La scultura del presepio
Nel museo della basilica di Santa Maria Maggiore è attualmente conservata l'opera scultorea che per tanto tempo è stata considerata il presepio più antico fatto con statue. Si tratta di un'Adorazione dei Magi in pietra, comprensiva delle parziali figure del bue e dell'asino.
Ma un'attenta osservazione dei gruppi scultorei denota che in realtà non si tratta di vere statue a tutto tondo, bensì di altorilievi scolpiti da blocchi di pietra, il cui dorso è visibilmente rimasto piatto, eccettuata la figura del Mago inginocchiato, che risulta essere stata completata successivamente a tutto tondo (cioè scolpendo anche il dorso) da un autore successivo ad Arnolfo di Cambio, così come è accaduto alla figura della Vergine col Bambino, che non è l'originale scolpita da Arnolfo, ma le più recenti indagini hanno evidenziato che essa sarebbe stata modificata in epoca rinascimentale, scolpendo e modificando la figura originale della Vergine di Arnolfo.

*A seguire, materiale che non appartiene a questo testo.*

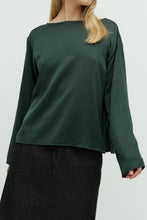 Charger l&#39;image dans la galerie, QUILL CELITA-M SHIRT | JUNGLE GREEN MBYM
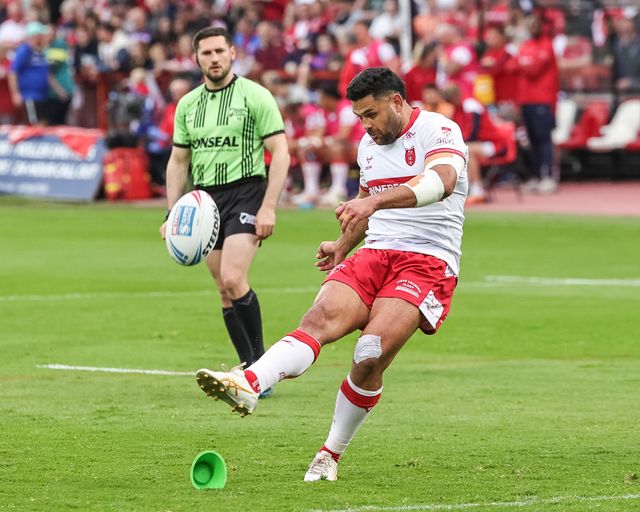 Rhyse Martin of Hull KR converts for a goal during the Betfred Super League round 12 match Hull KR vs Wigan Warriors at Sewell Group Craven Park, Hull, United Kingdom on 21 May 2026

(Photo by Mark Cosgrove/News Images)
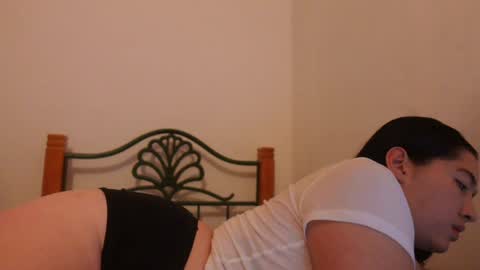 Snapshot of emma_johnson_ chatting on 10.06.25 emma_johnson_ online show from 10.06.25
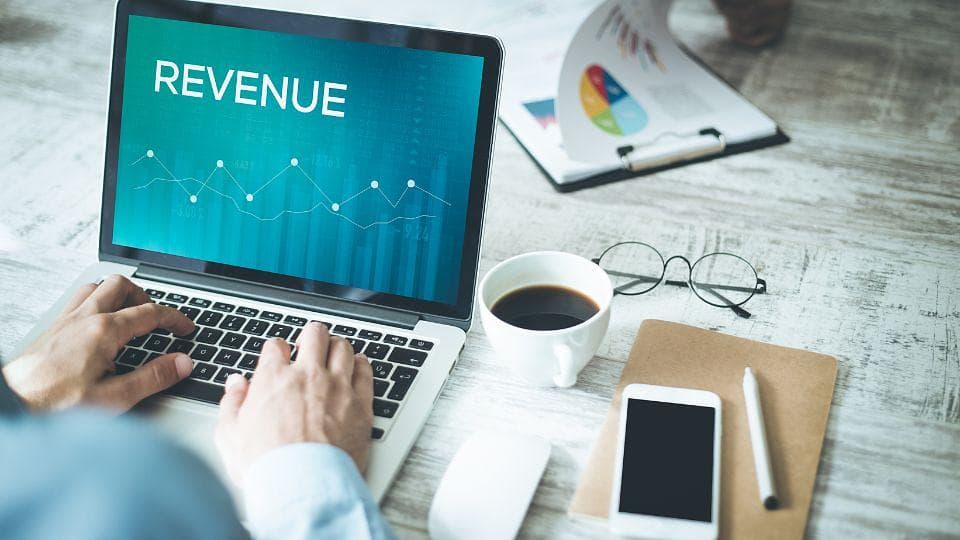 Digital Business Transformation Examples That Increased Revenue and Customer Satisfaction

In realtà in Italia vi sono opere scultoree più antiche di questa con il tema del Presepio o dell'Adorazione dei Magi, che sono ugualmente altorilievi e non sono mai state considerate presepi di statue per la ragione che le figure sono sempre state cementate insieme, anche se sono state scolpite da blocchi di marmo separati. Uno di questi antichissimi gruppi è quello situato nella lunetta del portale nord del Battistero di Parma, scolpito da Benedetto Antelami nel 1196. Un altro gruppo si trova a Forlì nella lunetta del portale dell'Abbazia di San Mercuriale, scolpito dal Maestro dei Mesi di Ferrara nel 1230, anch'esso raffigurante l'Adorazione dei Magi. Entrambi sono più antichi del gruppo di Arnolfo, il primo addirittura antecedente al presepio vivente ideato da san Francesco d'Assisi nel 1223. Inoltre, il più antico presepio composto da statue a tutto tondo staccate fra loro è conservato a Bologna, nella basilica di Santo Stefano e fu scolpito in legno nel 1291 circa da un anonimo scultore bolognese.

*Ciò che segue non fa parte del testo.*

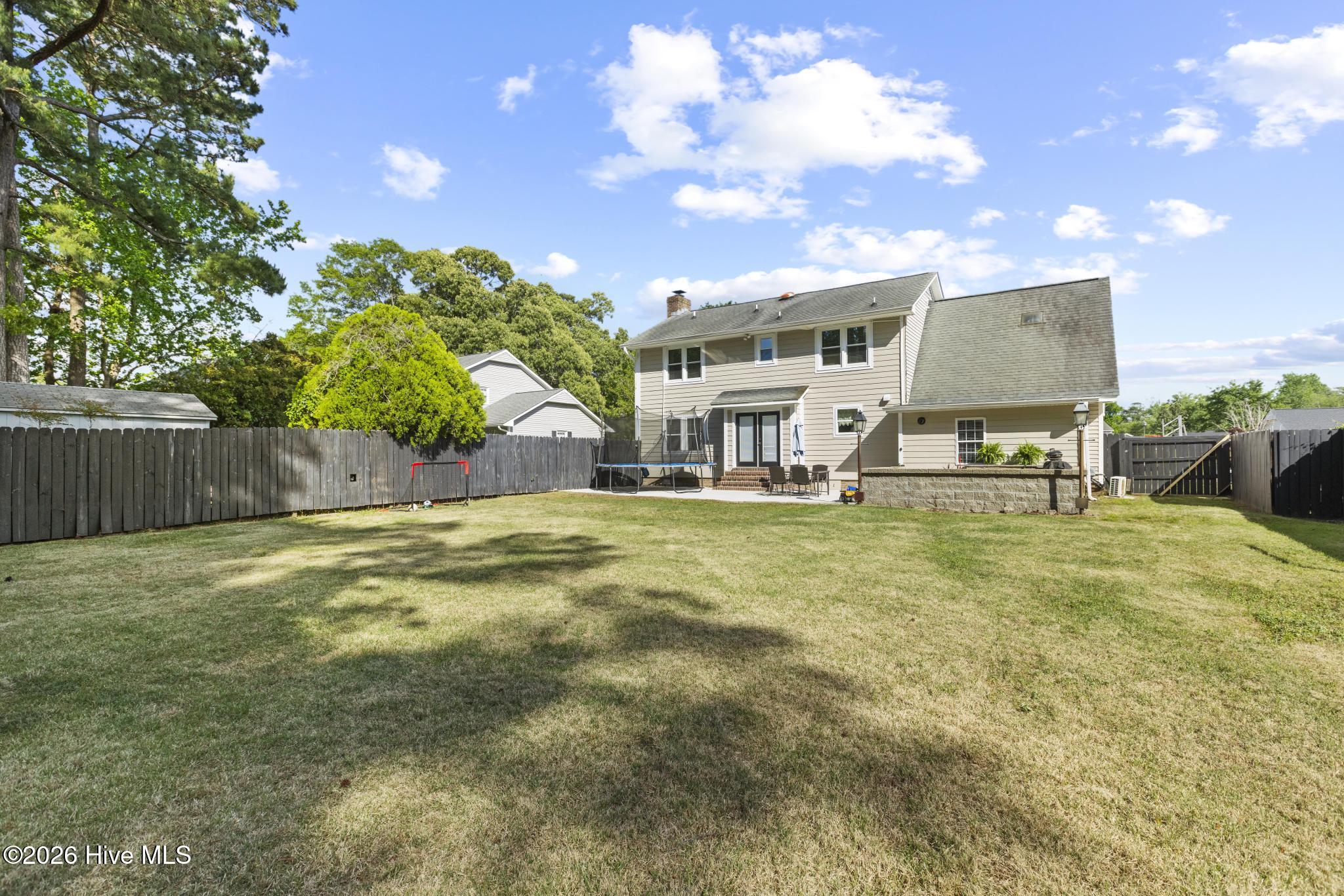 100568439 | Photo 41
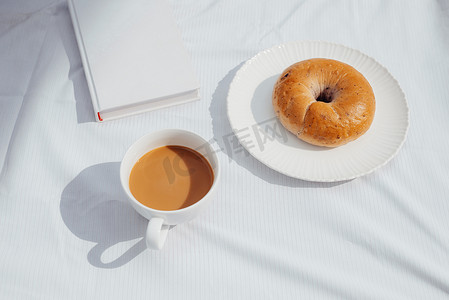 咖啡、一本好书和面包，在自助餐厅度过一个美好的早晨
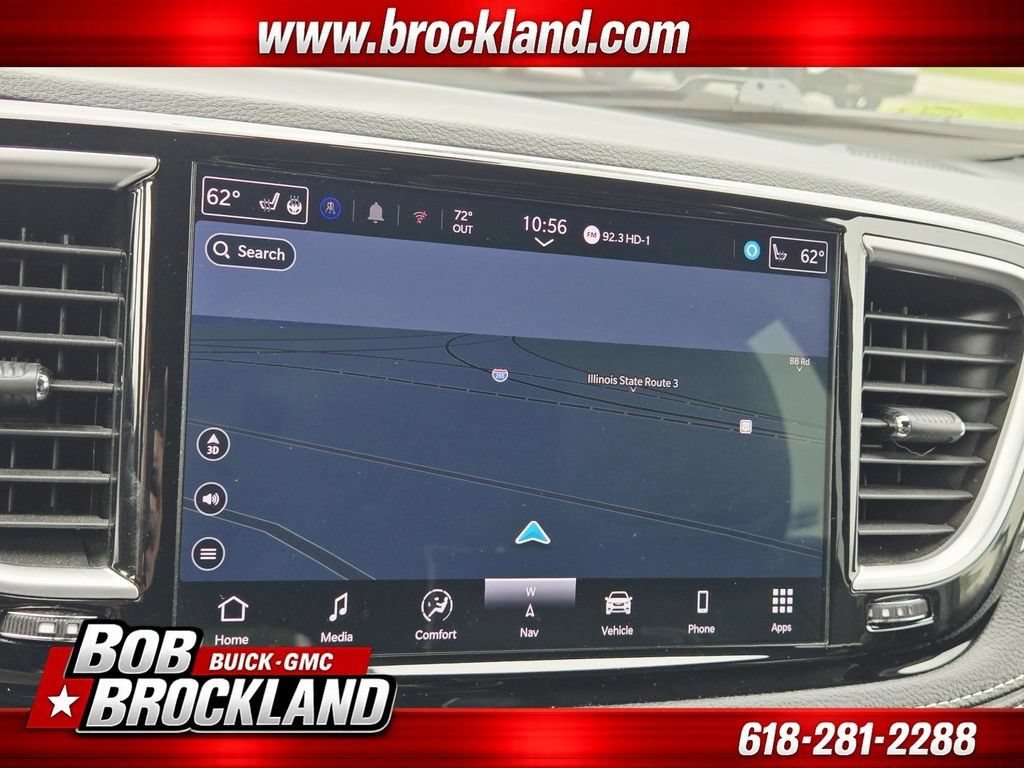Used 2025 Chrysler Pacifica Limited FWD image 29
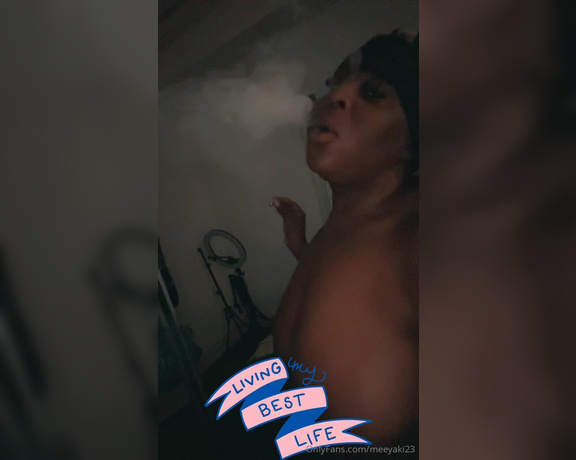 Meeyaki23 aka meeyaki23 OnlyFans - Happy 420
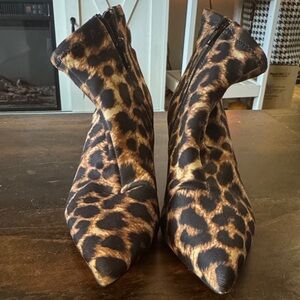 Betsy Johnson Zip-Up Women’s Leopard Print Ankle Boots
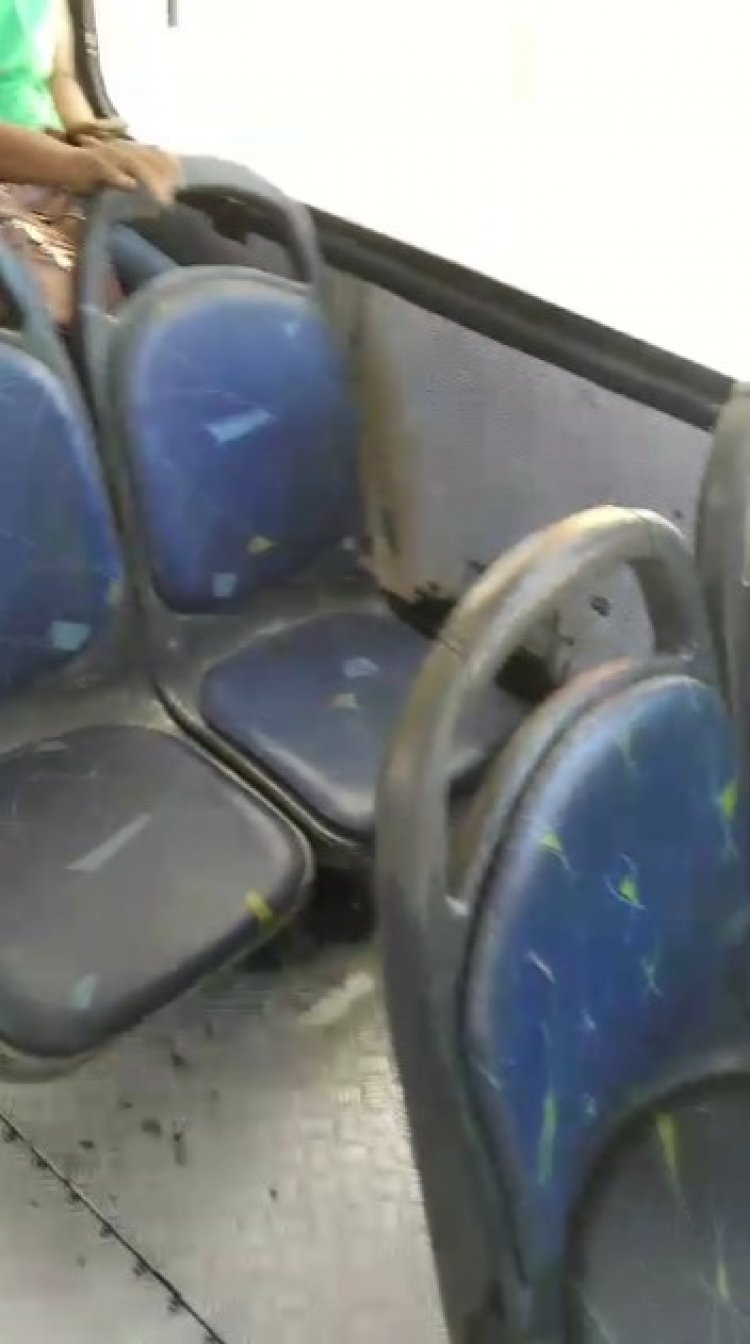 Absurdo: ônibus sujo, barulhento e com os assentos soltos circula em Itaúna!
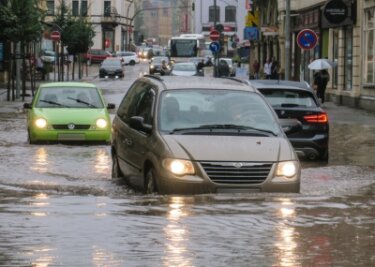 Land unter in Aue: Jetzt hat der Zweckverband reagiert - Alle Jahre wieder in der Bahnhofstraße: Autos auf der überfluteten Fahrbahn nach einem Starkregen, hier am 18. August 2020.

Fu il papa Niccolò IV che nel 1288 commissionò ad Arnolfo di Cambio una raffigurazione della "Natività", che egli terminò di scolpire in pietra nel 1291. La tradizione di questa rappresentazione sacra ha origini sin dal 432 quando papa Sisto III (432-440) creò nella primitiva Basilica una "grotta della Natività" simile a Betlemme. La basilica prese la denominazione di Santa Maria ad praesepem (dal latino: praesepium = mangiatoia)[5]. I numerosi pellegrini che tornavano a Roma dalla Terra Santa, portarono in dono preziosi frammenti del legno della Sacra Culla (cunabulum) oggi custoditi nella teca dorata della Confessione.[6]